### WORK ORDER
Copy out exactly the lines spanning the line with "Hey everyone! Today, we're" to the line with "If you are not", inclusive, from the data underneath, with no pictures.

### SUPPLIED MATERIAL
= = = =

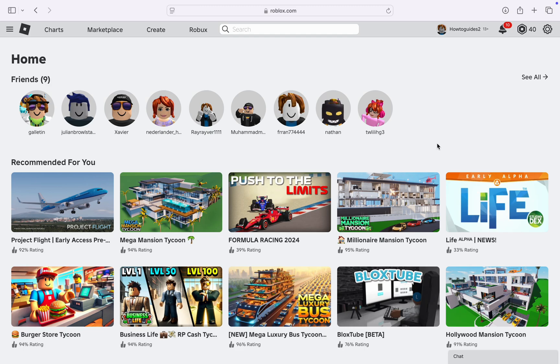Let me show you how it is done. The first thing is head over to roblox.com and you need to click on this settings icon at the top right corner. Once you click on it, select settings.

= = = =

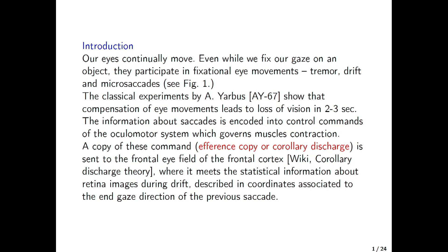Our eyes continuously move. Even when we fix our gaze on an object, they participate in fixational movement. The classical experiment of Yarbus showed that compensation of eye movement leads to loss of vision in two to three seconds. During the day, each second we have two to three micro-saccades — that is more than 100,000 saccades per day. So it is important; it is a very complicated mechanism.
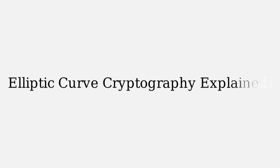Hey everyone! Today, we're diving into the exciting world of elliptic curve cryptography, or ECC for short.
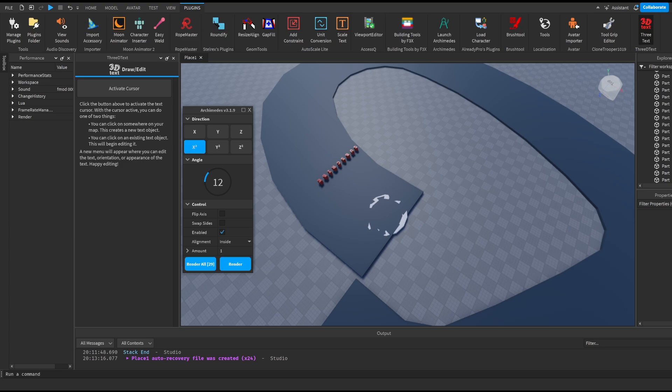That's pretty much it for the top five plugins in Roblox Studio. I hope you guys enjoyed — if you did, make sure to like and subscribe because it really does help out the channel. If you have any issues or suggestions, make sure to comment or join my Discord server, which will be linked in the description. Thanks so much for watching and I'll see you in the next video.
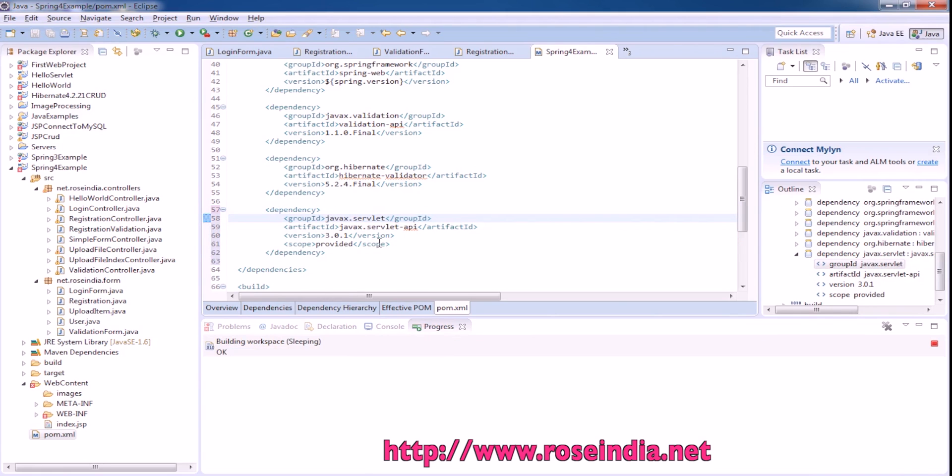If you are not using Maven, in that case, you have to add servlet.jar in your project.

= = = =

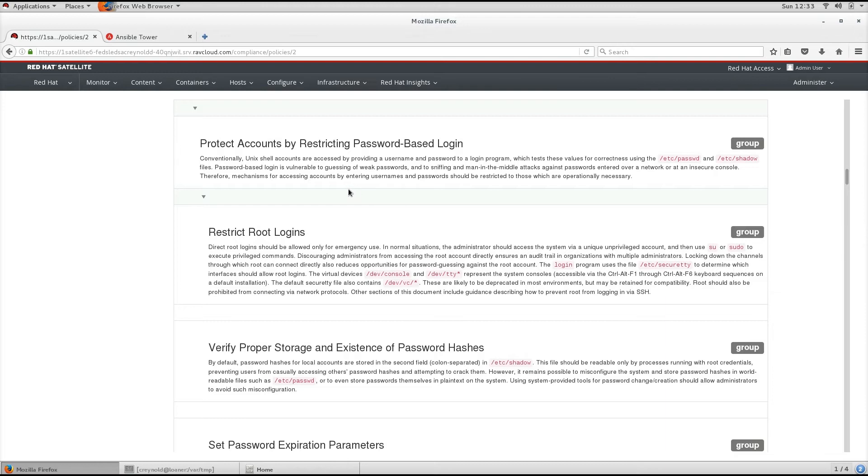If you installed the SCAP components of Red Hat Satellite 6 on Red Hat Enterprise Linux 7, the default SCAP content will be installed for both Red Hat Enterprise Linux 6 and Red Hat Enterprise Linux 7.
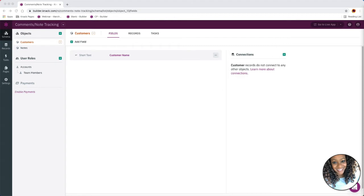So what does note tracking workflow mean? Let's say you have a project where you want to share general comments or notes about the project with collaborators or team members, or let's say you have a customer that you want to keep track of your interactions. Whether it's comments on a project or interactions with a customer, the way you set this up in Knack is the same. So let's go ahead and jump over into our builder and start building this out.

= = = =

### PROBLEM SOLUTION
Hey everyone! Today, we're diving into the exciting world of elliptic curve cryptography, or ECC for short.
That's pretty much it for the top five plugins in Roblox Studio. I hope you guys enjoyed — if you did, make sure to like and subscribe because it really does help out the channel. If you have any issues or suggestions, make sure to comment or join my Discord server, which will be linked in the description. Thanks so much for watching and I'll see you in the next video.
If you are not using Maven, in that case, you have to add servlet.jar in your project.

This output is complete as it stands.